Joao Félix, los números, Luis Suárez... el relato rojiblanco del pasado ya no sirve

Luis Suárez y Joao Félix celebran un gol del AtléticoJuanJo MartínEFE

Pasando por la M-30 en la zona del Manzanares no queda rastro del Vicente Calderón. Un par de curvas traicioneras diseñadas como si fueran un regate de Futre y poco más. Algún conductor echará de menos los gritos de Luis en la banda, los goles de Torres o las avalanchas del fondo sur. Otros tirarán más por los conciertos de los Stones, U2 o AC/DC. Recuerdos. En la zona hay un cartel bien visible que anuncia la futura urbanización River Park. Gallinejas, entresijos y River Park. Tal cual, casticismo 5.0. Como si fuera el sexto distrito de Nueva York en el que los demócratas celebraban la derrota de Trump. Es uno de esos conjuntos de viviendas clónicas que en vez de venderte un techo te ofrecen una experiencia. Están ahí, pero podrían encontrarse en Burdeos, en Milán o en San Francisco y no habría diferencias. Ese sentirse distinto es una de las razones de ser de los atléticos de siempre.
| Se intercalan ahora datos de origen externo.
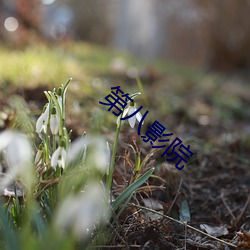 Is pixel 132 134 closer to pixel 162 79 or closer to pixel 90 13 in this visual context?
pixel 162 79

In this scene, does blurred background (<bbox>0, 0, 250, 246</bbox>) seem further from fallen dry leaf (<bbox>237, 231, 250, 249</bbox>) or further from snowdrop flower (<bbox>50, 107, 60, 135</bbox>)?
fallen dry leaf (<bbox>237, 231, 250, 249</bbox>)

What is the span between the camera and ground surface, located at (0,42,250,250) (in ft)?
4.65

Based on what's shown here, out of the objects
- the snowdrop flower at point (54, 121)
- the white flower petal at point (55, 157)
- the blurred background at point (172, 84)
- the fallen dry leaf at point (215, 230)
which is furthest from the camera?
the blurred background at point (172, 84)

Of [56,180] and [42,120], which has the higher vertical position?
[42,120]

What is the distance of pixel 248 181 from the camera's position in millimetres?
2145

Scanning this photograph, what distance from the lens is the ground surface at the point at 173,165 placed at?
55.8 inches

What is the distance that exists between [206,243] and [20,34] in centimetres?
463

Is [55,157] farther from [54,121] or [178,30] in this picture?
[178,30]

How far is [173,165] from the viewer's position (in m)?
2.04

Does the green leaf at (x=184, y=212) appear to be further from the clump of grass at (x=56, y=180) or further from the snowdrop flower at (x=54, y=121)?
the snowdrop flower at (x=54, y=121)

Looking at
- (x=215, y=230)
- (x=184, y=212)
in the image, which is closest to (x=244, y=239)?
(x=215, y=230)

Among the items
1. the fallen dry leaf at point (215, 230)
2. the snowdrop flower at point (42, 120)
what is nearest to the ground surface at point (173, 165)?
the fallen dry leaf at point (215, 230)

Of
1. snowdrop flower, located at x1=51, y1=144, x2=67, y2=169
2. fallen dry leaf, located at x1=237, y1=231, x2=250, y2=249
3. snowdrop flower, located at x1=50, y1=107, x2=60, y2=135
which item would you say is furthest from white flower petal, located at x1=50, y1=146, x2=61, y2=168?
fallen dry leaf, located at x1=237, y1=231, x2=250, y2=249

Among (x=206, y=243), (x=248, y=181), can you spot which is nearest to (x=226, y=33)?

Simeone ha obligado a sus hinchas a olvidarse de lo que antes les diferenciaba. Aquello del pupas, las maldiciones, el victimismo, el hermano pobre... aunque el discurso del entrenador se acerque con frecuencia al relato del pasado. Joao Félix son los nuevos tiempos de un equipo dispuesto a pelear por el título. Hay jugadores recuperados para la causa, los números recuerdan a los del título de 2014 y Luis Suárez parece que llevase toda la vida de rojo y blanco. Eso sí, como no es cuestión de pedir imposibles, el juego no es el colmo del entretenimiento. Quien quiera divertirse que pague Netflix. O quizá que el día 21 se conecte a la tele para ver la visita del Barça al Metropolitano.